Les dirigeants de Maroc Lait font état d’un repli très marqué de la consommation de l’or blanc en 2024, en partie lié à la diffusion de fausses informations sur les bienfaits du lait. Face à cette situation, l’interprofession a, encore une fois, dû rétablir l’équilibre en engageant des actions de communication intensives pour restaurer la confiance. «Le lait reste un produit essentiel, riche en protéines, vitamines et minéraux, adapté à tous les âges», rappellent-ils. Les premiers signes de reprise sont déjà perceptibles. Pour les années à venir, les professionnels affichent un optimisme prudent. «L’agriculteur reste par nature optimiste», confient-ils, en soulignant les efforts engagés en matière de gestion de l’eau, d’innovation technologique et de gouvernance. La filière bénéficie également d’une organisation de plus en plus professionnalisée, inspirée des standards du secteur privé, ce qui renforce la confiance des éleveurs. «Les bases sont en place. Avec le soutien de l’État et l’engagement de l’ensemble des acteurs, les perspectives restent positives, malgré les défis», soutient le management de Maroc Lait, qui ambitionne de relever un autre défi stratégique à moyen terme : exporter les excédents laitiers. «Pourquoi pas.

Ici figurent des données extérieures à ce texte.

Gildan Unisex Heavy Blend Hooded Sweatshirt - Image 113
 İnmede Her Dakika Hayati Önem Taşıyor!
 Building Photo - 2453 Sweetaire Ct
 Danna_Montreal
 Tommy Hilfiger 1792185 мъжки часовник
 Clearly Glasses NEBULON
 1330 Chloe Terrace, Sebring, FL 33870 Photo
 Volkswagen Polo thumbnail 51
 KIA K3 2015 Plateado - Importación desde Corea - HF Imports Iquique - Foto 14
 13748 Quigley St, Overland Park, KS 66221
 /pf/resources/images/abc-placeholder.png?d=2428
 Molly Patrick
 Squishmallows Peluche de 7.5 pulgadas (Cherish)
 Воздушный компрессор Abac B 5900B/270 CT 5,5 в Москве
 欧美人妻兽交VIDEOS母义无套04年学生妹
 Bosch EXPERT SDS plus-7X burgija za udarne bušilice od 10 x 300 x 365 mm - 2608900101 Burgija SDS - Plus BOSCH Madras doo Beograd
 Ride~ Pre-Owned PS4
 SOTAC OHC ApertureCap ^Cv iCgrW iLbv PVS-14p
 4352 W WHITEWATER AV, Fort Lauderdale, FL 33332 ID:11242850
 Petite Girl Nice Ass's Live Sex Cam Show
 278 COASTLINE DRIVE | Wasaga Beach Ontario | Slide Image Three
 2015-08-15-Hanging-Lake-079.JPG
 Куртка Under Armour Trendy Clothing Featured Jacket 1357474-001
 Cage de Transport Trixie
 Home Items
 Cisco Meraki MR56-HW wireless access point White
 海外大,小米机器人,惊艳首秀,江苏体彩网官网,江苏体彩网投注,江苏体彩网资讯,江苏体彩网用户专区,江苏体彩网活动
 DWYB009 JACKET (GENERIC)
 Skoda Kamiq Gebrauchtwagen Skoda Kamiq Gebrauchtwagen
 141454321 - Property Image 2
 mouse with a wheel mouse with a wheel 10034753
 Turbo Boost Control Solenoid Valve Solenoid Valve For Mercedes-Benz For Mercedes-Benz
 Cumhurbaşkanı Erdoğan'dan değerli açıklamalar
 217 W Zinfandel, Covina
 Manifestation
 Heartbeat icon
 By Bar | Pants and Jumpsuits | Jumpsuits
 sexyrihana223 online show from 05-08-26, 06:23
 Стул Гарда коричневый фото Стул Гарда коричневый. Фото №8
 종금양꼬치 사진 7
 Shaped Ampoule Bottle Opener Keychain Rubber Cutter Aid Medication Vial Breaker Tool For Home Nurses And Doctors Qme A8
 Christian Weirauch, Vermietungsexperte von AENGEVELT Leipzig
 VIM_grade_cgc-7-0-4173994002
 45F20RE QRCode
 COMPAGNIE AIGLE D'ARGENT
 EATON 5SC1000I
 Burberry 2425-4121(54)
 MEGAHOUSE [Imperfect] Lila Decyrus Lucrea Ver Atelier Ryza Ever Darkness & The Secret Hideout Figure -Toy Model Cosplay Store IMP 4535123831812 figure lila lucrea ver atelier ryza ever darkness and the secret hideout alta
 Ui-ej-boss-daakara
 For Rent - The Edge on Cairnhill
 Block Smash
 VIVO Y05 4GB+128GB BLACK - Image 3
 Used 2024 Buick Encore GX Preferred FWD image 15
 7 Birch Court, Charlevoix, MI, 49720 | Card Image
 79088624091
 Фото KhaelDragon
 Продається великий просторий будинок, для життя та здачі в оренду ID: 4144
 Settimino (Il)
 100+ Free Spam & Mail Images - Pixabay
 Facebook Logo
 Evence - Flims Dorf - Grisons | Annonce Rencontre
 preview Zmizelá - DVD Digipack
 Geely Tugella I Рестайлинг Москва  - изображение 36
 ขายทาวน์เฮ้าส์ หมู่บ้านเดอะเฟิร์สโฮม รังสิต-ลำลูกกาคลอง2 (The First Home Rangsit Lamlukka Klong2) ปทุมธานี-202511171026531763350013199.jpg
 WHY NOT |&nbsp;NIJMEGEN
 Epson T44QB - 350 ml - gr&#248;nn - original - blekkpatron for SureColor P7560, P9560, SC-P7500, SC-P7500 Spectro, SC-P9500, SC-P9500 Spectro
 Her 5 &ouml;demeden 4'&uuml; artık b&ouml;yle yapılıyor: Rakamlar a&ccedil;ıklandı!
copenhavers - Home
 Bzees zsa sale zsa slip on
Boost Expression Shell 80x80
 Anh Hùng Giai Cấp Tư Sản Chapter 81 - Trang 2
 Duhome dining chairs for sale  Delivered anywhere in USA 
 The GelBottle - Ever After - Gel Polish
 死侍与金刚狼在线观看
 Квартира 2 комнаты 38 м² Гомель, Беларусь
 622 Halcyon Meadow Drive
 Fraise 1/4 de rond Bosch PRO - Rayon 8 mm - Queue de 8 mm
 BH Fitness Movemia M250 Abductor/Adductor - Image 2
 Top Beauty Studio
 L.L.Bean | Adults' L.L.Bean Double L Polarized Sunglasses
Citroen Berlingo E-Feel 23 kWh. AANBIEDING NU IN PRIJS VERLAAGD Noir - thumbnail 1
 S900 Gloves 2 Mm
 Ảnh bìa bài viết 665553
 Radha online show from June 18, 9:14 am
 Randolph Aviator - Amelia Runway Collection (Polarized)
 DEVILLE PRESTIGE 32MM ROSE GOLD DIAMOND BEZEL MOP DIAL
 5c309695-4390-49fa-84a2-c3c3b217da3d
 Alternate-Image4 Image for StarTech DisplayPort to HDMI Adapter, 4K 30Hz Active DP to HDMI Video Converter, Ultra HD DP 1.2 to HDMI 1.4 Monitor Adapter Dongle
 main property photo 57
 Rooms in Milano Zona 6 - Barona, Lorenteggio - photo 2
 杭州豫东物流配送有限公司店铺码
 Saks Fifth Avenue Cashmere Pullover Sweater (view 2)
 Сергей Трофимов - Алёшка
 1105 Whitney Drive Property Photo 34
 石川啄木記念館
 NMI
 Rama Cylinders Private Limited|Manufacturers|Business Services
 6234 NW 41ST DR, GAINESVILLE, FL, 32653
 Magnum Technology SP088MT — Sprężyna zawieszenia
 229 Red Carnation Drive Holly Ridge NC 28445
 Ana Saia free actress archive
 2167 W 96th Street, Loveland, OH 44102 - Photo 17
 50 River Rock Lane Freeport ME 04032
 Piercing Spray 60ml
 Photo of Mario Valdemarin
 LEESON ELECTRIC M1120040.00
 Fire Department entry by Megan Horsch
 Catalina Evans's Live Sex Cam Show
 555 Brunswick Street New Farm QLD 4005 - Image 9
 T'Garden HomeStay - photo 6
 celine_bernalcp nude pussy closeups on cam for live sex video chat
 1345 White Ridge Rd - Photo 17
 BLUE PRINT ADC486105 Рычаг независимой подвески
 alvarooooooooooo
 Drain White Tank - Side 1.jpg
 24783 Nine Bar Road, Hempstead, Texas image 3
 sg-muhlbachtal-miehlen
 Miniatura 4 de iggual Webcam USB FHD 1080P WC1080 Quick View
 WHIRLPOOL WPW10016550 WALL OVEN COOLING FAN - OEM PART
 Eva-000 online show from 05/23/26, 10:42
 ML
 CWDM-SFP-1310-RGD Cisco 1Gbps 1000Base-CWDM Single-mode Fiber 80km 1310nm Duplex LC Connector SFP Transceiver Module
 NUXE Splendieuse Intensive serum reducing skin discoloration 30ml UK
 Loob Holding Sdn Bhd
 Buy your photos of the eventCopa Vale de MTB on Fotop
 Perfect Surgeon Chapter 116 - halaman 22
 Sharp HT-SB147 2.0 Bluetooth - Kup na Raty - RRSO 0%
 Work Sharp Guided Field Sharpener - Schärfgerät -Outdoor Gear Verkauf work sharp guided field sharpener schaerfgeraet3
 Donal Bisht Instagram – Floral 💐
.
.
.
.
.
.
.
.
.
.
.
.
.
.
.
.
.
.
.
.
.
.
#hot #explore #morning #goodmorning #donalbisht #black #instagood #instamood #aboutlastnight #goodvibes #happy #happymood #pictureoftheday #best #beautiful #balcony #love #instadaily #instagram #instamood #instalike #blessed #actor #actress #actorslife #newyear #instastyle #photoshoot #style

Tout l’enjeu aujourd’hui est de parachever la recapitalisation du cheptel laitier, d’assurer une souveraineté sur les semences en les produisant localement et d’optimiser la productivité. Si nous atteignons ces objectifs, nous pourrons ensuite engager la prospection des marchés à l’export. L’écosystème laitier marocain en est capable», concluent-ils.